For thirty years, from 1920 to 1950, there were two major leagues in American professional baseball. One was recognized as such. One was not. The one that was not recognized operated in the same cities, played in the same stadiums, drew from the same talent pool, and produced players who, when finally permitted to cross the barrier, immediately became the best in the sport.

The Negro National League was founded in 1920 by Rube Foster in Kansas City. The Eastern Colored League followed in 1923. After a collapse and reorganization, the Negro American League began play in 1937. These were not sandlot operations. They were professional baseball leagues with schedules, contracts, stadium leases, salaried players, and paying crowds that regularly exceeded 50,000 for showcase events. The East-West All-Star Game at Comiskey Park outdrew the MLB All-Star Game seven times between 1933 and 1948.

The word "parallel" requires complication. Two things running parallel implies equivalence of standing, two tracks that simply happen not to touch. That is not what this was. The Negro Leagues ran parallel because they were forced to. The barrier was not geographic or economic or competitive. It was racial. The parallel was enforced, not inherent. The players in the Negro Leagues were major league players who were denied access to the major leagues. The distinction was administrative. The talent was not separate.

This platform has spent fourteen chapters assembling the evidence for that statement. The evidence is statistical, financial, institutional, testimonial, and journalistic. It spans box scores and balance sheets and ballot records and oral histories and seventy-five years of the Black press. What follows is the argument that evidence supports, stated in plain language, with precise citations to the chapters that produced each finding.

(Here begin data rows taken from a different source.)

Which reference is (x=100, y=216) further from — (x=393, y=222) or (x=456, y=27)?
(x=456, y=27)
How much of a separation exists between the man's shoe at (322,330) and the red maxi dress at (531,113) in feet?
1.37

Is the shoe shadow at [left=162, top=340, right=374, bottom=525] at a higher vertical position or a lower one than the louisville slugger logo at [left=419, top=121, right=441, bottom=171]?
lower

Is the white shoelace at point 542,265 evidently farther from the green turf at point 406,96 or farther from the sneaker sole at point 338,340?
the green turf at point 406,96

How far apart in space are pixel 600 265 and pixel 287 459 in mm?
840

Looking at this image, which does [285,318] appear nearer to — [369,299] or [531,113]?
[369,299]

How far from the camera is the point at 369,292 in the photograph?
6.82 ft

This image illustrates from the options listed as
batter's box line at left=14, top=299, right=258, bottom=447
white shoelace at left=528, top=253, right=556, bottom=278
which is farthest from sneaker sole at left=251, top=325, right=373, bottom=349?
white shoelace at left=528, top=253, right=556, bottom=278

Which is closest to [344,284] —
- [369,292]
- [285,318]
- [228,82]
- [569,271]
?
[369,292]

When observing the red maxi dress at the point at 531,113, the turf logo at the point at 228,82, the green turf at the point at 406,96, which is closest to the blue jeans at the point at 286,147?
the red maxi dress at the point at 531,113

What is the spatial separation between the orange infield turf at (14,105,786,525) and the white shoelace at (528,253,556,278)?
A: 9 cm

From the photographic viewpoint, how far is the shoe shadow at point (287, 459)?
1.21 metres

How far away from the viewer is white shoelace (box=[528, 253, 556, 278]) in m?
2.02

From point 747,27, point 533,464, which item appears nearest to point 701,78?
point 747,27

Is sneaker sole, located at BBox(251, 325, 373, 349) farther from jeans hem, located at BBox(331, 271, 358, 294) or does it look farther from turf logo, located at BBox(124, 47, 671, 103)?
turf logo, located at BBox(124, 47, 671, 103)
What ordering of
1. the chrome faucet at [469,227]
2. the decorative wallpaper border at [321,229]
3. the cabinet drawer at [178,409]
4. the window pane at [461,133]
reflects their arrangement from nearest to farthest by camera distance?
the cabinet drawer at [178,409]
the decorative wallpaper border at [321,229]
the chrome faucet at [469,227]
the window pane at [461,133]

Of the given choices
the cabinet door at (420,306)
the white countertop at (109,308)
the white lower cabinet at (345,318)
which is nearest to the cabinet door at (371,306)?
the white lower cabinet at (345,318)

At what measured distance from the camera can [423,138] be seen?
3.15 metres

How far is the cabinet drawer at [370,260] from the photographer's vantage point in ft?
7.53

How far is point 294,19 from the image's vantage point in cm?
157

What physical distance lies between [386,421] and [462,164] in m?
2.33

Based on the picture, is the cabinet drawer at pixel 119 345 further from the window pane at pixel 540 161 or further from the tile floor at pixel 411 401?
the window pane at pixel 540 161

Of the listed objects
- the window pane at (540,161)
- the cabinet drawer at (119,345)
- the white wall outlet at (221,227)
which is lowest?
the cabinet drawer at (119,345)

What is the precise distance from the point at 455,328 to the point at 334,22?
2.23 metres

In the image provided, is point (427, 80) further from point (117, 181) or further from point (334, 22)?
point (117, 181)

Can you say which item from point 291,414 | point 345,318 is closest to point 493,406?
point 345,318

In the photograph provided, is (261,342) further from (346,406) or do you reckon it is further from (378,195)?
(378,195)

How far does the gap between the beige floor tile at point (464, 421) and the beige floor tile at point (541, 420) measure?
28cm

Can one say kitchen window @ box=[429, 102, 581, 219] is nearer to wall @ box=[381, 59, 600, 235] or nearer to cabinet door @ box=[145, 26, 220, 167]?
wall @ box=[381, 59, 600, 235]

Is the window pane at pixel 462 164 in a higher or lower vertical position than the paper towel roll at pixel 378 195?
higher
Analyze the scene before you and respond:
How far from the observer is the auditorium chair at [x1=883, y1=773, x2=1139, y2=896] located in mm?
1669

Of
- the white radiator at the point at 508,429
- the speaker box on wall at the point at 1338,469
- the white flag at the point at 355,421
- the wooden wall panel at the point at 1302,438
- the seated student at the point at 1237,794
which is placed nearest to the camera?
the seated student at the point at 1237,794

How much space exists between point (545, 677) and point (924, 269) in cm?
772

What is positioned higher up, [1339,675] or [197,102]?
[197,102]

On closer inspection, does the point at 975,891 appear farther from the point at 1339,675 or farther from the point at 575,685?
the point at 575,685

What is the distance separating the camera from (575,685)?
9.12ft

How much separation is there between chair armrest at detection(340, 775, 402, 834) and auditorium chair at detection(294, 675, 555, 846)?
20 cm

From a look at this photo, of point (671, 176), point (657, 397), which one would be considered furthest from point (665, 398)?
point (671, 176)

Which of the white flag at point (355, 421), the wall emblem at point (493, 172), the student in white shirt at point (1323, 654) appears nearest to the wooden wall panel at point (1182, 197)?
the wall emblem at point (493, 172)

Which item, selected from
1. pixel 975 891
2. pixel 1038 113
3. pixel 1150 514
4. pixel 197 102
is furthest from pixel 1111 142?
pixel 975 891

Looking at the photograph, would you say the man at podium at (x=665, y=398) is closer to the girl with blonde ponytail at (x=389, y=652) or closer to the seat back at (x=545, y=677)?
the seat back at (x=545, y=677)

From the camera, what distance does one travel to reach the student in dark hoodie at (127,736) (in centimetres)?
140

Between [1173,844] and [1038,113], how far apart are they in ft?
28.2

The wage gap between Negro League players and their MLB contemporaries, adjusted to 2024 dollars, amounts to a central estimate of $3.7 billion across the segregation era. This figure accounts for documented salary differentials, barnstorming revenue suppression, and the complete exclusion of Black players from the revenue structures of the white major leagues. The confidence interval is wide because the salary records are incomplete, but the floor of the estimate still exceeds $2 billion.

$3.7 billion
Central estimate, 2024 dollars -- Chapter 08, The Salary Ledger

After Jackie Robinson crossed the color line in 1947, the remaining fifteen MLB franchises integrated at vastly different rates. The median franchise took more than six years. The Boston Red Sox were last, waiting 12 years and 96 days after Robinson's debut to field a Black player. Pumpsie Green took the field for Boston on July 21, 1959. The delay was not logistical. It was institutional resistance to a change the sport's own evidence had already justified.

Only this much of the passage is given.